Records shown
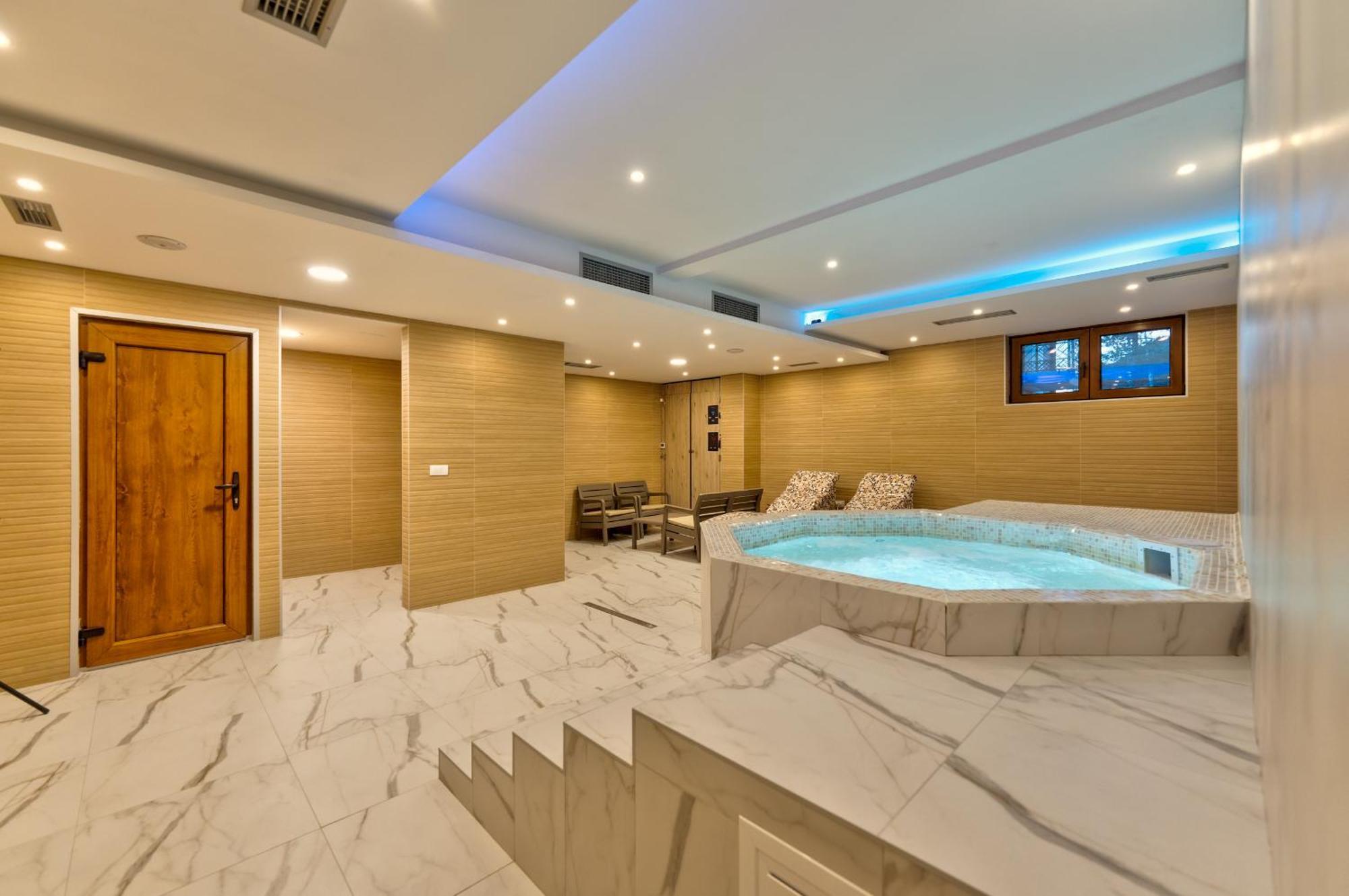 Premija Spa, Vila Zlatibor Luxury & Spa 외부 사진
---
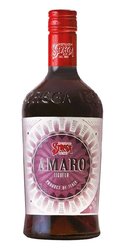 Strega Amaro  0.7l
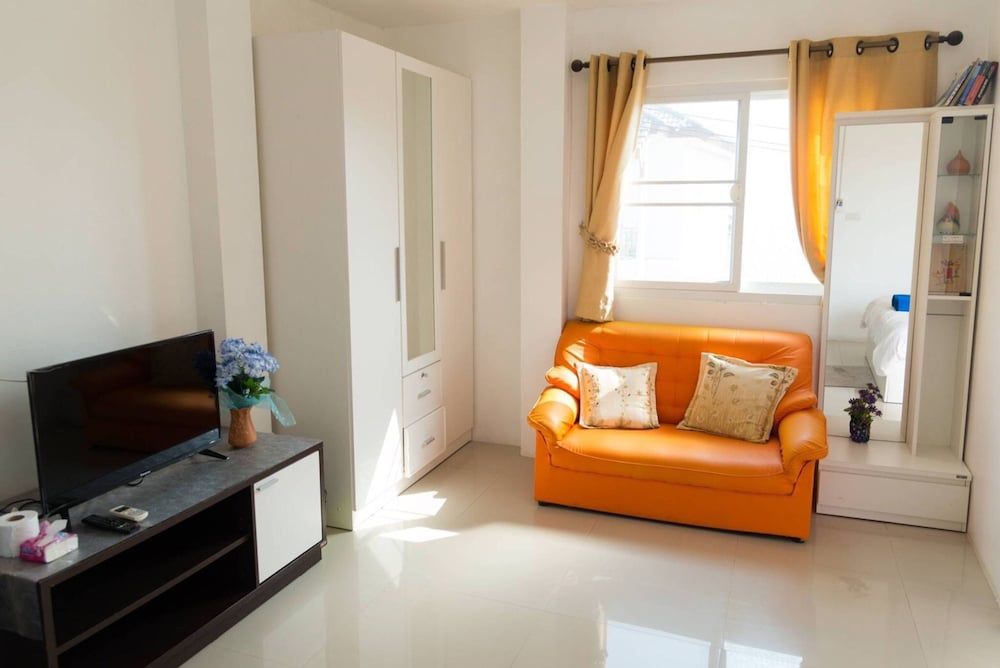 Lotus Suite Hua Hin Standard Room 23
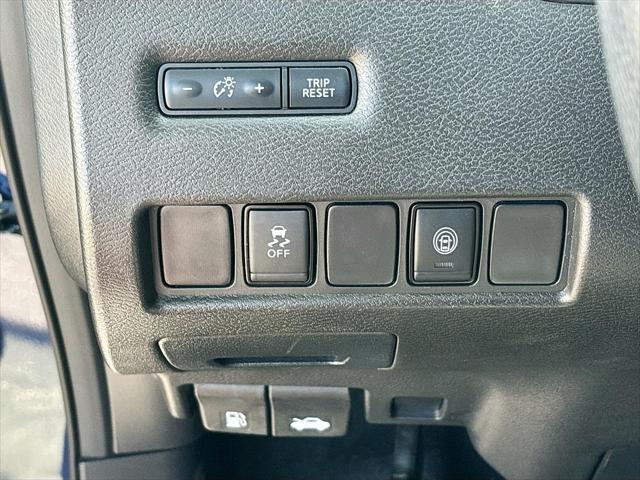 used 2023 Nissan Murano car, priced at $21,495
==
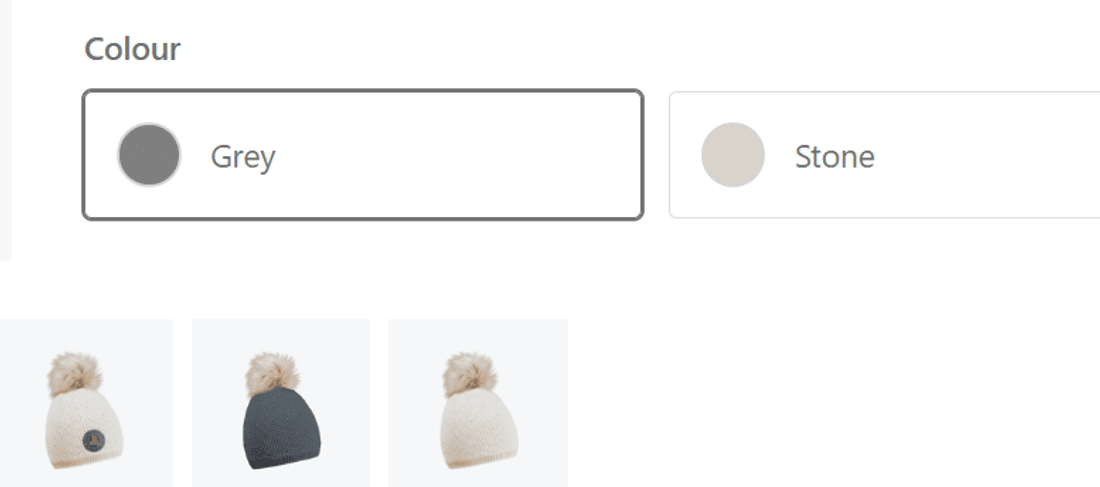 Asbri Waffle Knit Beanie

Work request
Word for word, repeat the lines above from the one with "Lotus Suite Hua Hin Standard Room 23" through the one with "used 2023 Nissan", and nothing beyond them. Omit the pictures.

Task response
 Lotus Suite Hua Hin Standard Room 23
 used 2023 Nissan Murano car, priced at $21,495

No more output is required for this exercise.